Derivation of Elastic Wave Equation from New Motion Description

TL;DR

This paper derives a new elastic wave equation by modeling material elements as rigid bodies, linking wave types to translational and rotational motions, and challenging traditional assumptions in continuum mechanics.

Contribution

It introduces a novel derivation of the elastic wave equation based on rigid body motion of material elements, modifying classical constitutive relations.

Findings

Longitudinal and transverse waves correspond to translation and rotation.

Reciprocity of shear stress and strain is not necessary.

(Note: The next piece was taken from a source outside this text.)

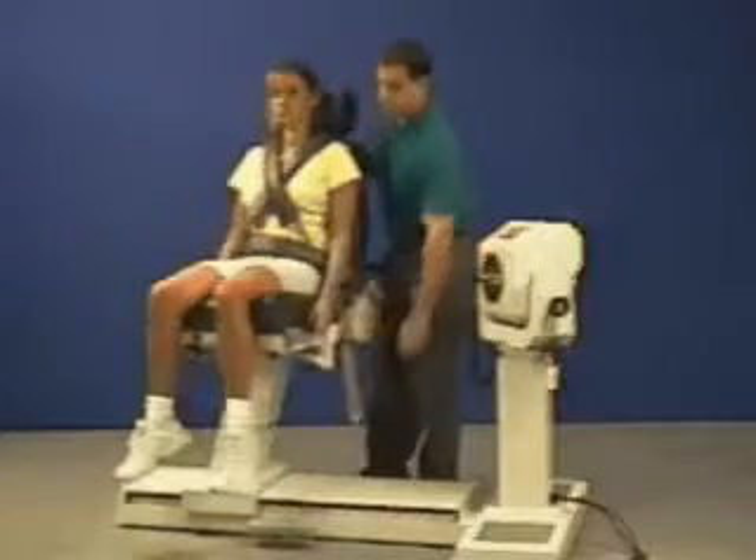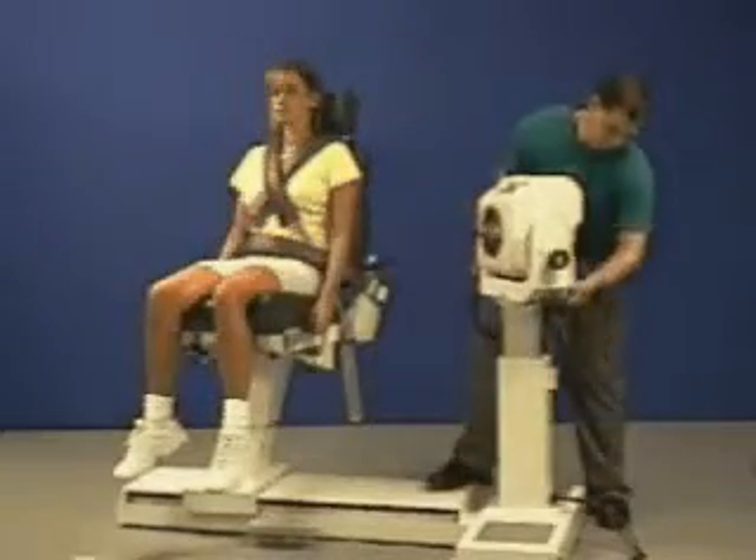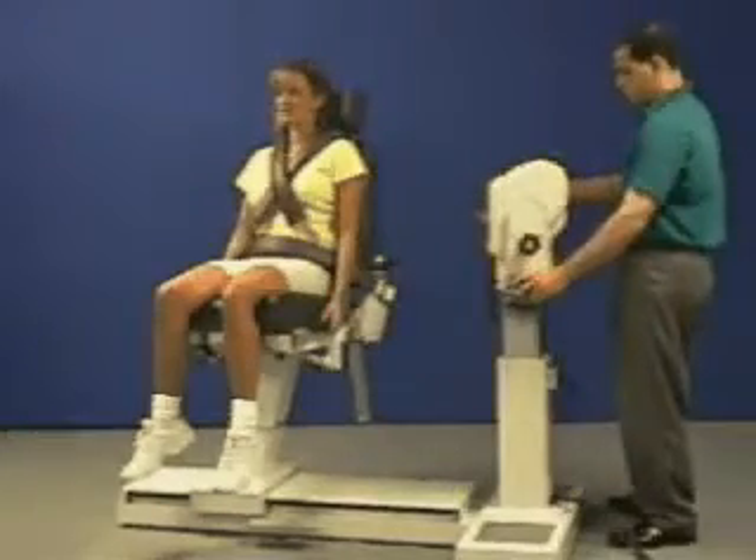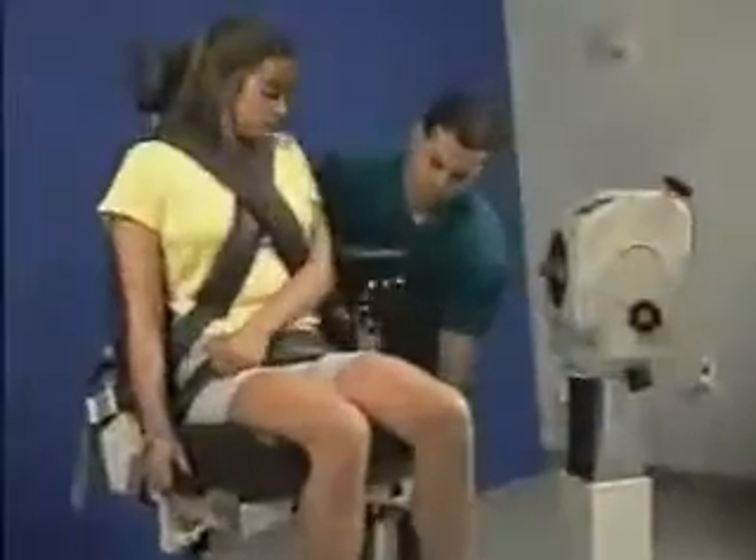Rotate chair to 15 degrees. Raise dynamometer to align axis of rotation and rotate 15 degrees. Install limb support.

Local rigid body rotation influences stress.

Abstract

In classical mechanics, the motion of an object is described with Newton's three laws of motion, which means that the motion of the material elements composing a continuum can be described with the particle model. However, this viewpoint is not objective, since the existence of transverse wave cannot be predicted by the theory of elasticity based on the particle model. In this paper, the material element of an elastomer is regarded as a rigid body, and the traditional elastic wave equation is derived based on it. In the derivation, the constitutive relations and strain-displacement relations are correspondingly modified. The study reveals that the longitudinal and transverse waves in elastomer correspond to the translational and rotational motion of the material element, respectively. Besides, the reciprocity of shear stress and shear strain is no longer requisite in continuum mechanics, and the local rigid body rotation contributes stress.